La
malattia infettiva è un quadro di danno per il nostro organismo
dovuto all'entrata, alla localizzazione e alla moltiplicazione di
un microrganismo.
La particolare dinamica della pratica odontoiatrica, la natura dei
batteri presenti nella cavità orale e le caratteristiche dello
strumentario sono fattori che aumentano notevolmente il rischio di
infezione in odontoiatria. L'ambulatorio dentistico è infatti
un centro di trasmissione importante soprattutto di virus come il
virus B e C dell'epatite
ed il virus dell'HIV.
Al fine di
evitare che avvenga una trasmissione operatore- paziente, paziente-operatore
o paziente-paziente, negli studi dentistici vengono attuate delle
strategie di prevenzione delle infezioni.
Una parte di questi accorgimenti comprende la gestione del paziente;
è fondamentale compilare una cartella clinica in sede di
prima visita e aggiornarla ad ogni incontro successivo. La scheda
del paziente permette di individuare eventuali fattori di rischio
soprattutto per le infezioni che si trasmettono con il sangue.
È norma considerare ogni paziente come potenzialmente
infetto cosicché vengano standardizzate delle manovre
preventive per ogni procedura clinica.
In particolare bisogna procedere alla disinfezione
delle superfici, della sputacchiera, dei tubi di drenaggio e degli
aspiratori dopo la cura di ogni paziente; procedere alla sterilizzazione
di tutti gli strumenti utilizzati, dei manipoli, delle frese; predisporre
il contenitore per la raccolta del materiale infetto.
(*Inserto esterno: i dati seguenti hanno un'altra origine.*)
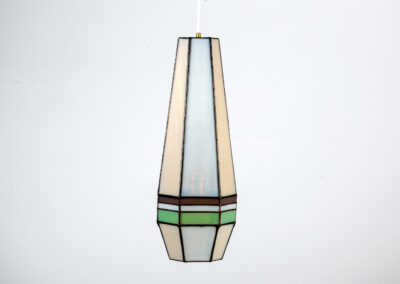 A tall, geometric pendant lamp with pastel-colored accents.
Qualora poi il paziente venga riconosciuto ad alto rischio infettivo,
verranno attuate ulteriori precauzioni come prenotare la visita
a fine giornata, rivestire le superfici di lavoro con materiale
protettivo monouso, utilizzare il più possibile materiale
che verrà buttato.
Oltre alle norme che prevengano la contaminazione del paziente,
anche gli operatori adottano un comportamento atto a preservarsi
dalla possibile infezione derivante dal paziente, mediante l'utilizzo
di guanti, camici, mascherine, occhiali di protezione, vaccinazioni.
Un'altra fondamentale strategia riguarda l'organizzazione delle
strutture sanitarie: inserire un corretto percorso che il paziente
esegue dal momento in cui entra nella sala d'aspetto fino alla fine
delle cure, passaggio prestabilito degli operatori che permetta
di diminuire il rischio che il materiale contaminato passi da una
stanza all'altra. La presenza di un locale adibito alla sterilizzazione
inoltre, permette di contenere la possibilità di trasmissione
dell'infezione.
Il ruolo che svolge il paziente nel controllo delle tecniche di
prevenzione è molto importante, informare il proprio dentista
del proprio stato di salute permette di attuare il corretto trattamento
in base a ciascuna necessità.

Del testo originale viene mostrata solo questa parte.